Tuesday, May 12, 2009

Board of Supervisors Accepts Muni Fare Hikes

After negotiating with the Mayor's office, Supervisor David Chiu abandoned his objection to the SFMTA budget in exchange for a $10 million reduction in costs to riders, according to Stephen T. Jones. (Update: more detail from Paul Hogarth at Beyond Chron)

By a vote of 6-5 the Board voted to accept the SFMTA budget, which includes a 50¢ fare increase and a $10 increase in the cost of a Fast Pass. Chiu changed his position after SFMTA chief Nat Ford agreed to shift some of the budget pain by:
  • Paying $2.8 million less in work orders to other departments (which have their own budgets)
  • Avoiding $8.6 million in previously proposed cuts
  • $6.5 million in salary reductions
  • $1 million in new revenue from increased parking meter enforcement (after a 90 day study, naturally)
  • Delaying Fast Pass increases for youth, disabled and seniors by six months
Chiu also supposedly got some promises that Ford and the MTA would "immediately complete MOU (Memorandum Of Understanding) negotiations with the SFPD to finally explain why the MTA is giving them millions of dollars every year."

Said Chiu, according to the SF Bay Guardian,
On Friday, the mayor and I had a conversation about this budget and it was made clear to me that there wouldn't be any movement ... We needed to work this out so we could move forward on the myriad issues before us.
I can't say I completely blame Chiu for his decision. He's cultivated an image as being the adult among the members of the Board and the mayor, and facing a 6-5 vote to reject even if he stood his ground (a loser since it takes seven Supes to reject the MTA budget) He took his $10 million, called it a win and then called it a night.

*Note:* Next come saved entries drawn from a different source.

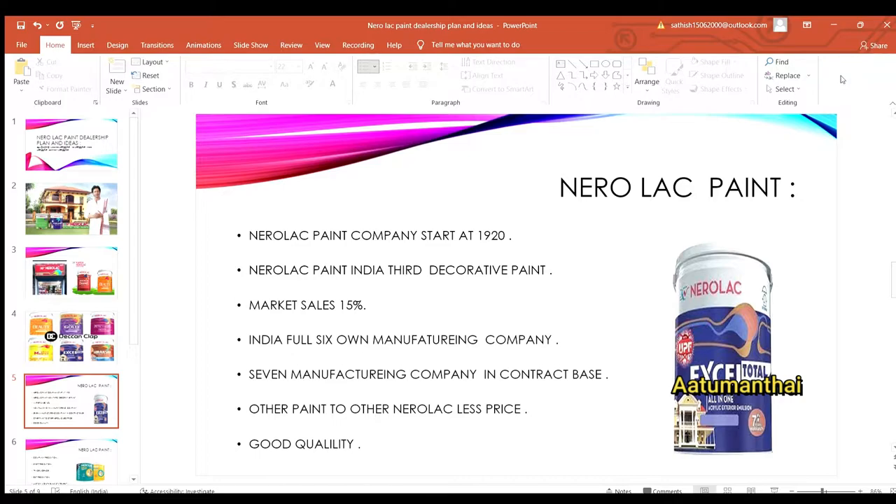In India, there are 6 manufacturing companies currently running contracts with this paint brand.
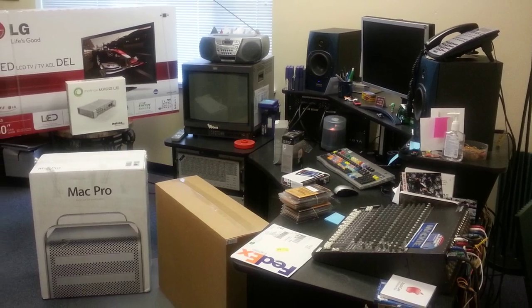Today we're going to take a quick look at the other major upgrade here in the electronic department, the new editing gear. First up, making room for the new equipment.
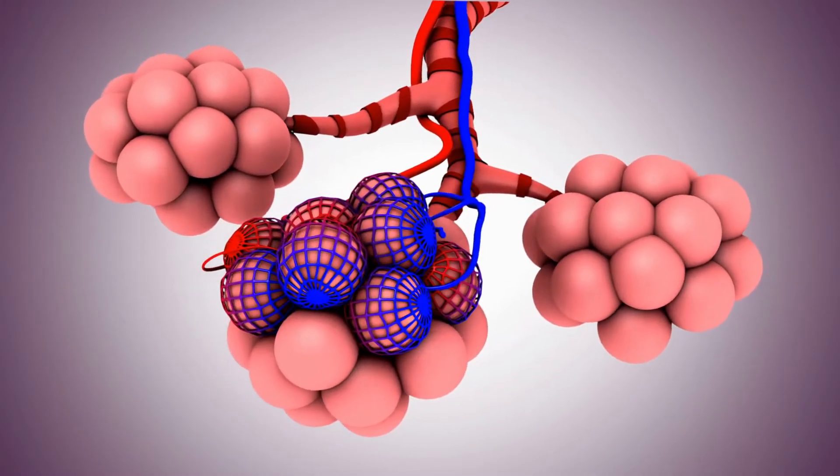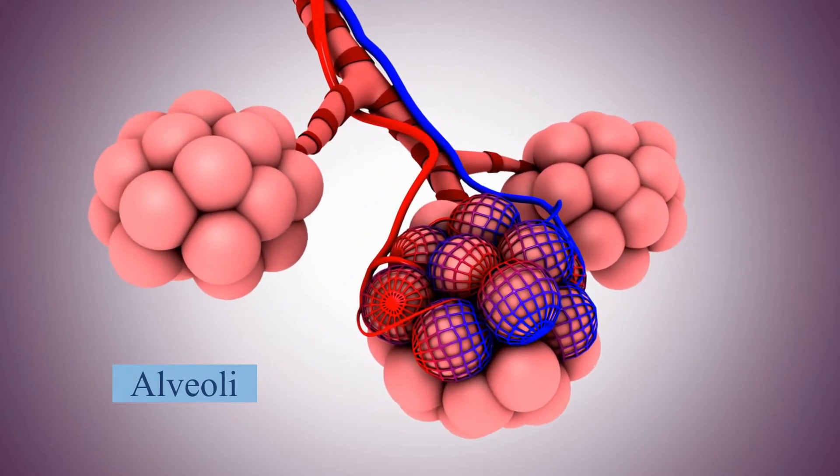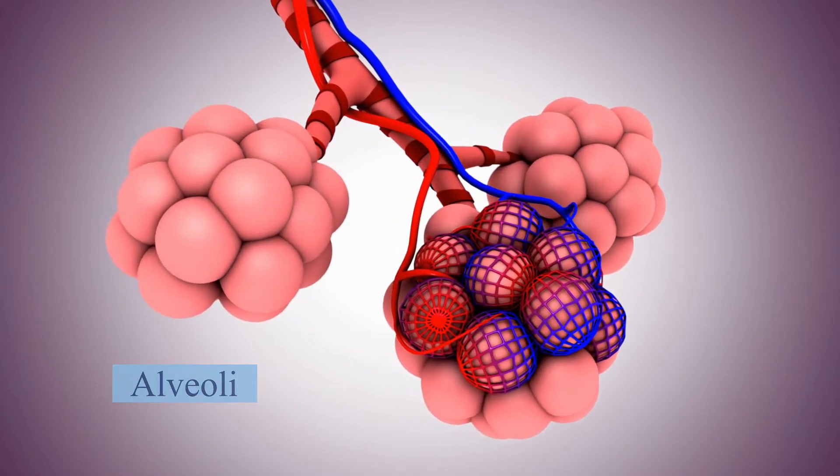Premature infants are notorious for having low levels of surfactant. The airways can want to collapse if there's not enough surfactant. Luckily, we can give surfactant through the trachea or breathing pipe straight into the alveoli — the air sacs of the lung — to keep those areas from collapsing. This allows the baby to get good oxygen into the bloodstream and into the organs, and the next breath is not as hard because the air sacs haven't really collapsed; they stayed open.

But it ought to be easy to see why the millions of people who will ride Muni in the next year - and especially the hundreds of thousands who ride it every day - aren't celebrating. We may have moved $10 million dollars in the right direction, but the balance of Muni's budget deficit remains on our backs. We will be getting less from Muni this year and it will cost us more, just not as much more as it looked like a week ago.

Let Chiu's quote be a notice to the Mayor's Office, Mr. Ford and the conservative bloc of Supervisors who pushed for fare increases and rejected parking cost increases. We were willing to take it outside over this matter, and in the next year you can expect a big fight from Muni riders.

We will push for San Francisco's Transit First Charter. We will work to make private motorists pay a fair price to park on public streets and clog our roads. We will campaign for enforcement of parking and traffic laws. And we won't stop fighting until we've undone all of the sabotage you've just inflicted upon our lifeline transportation network.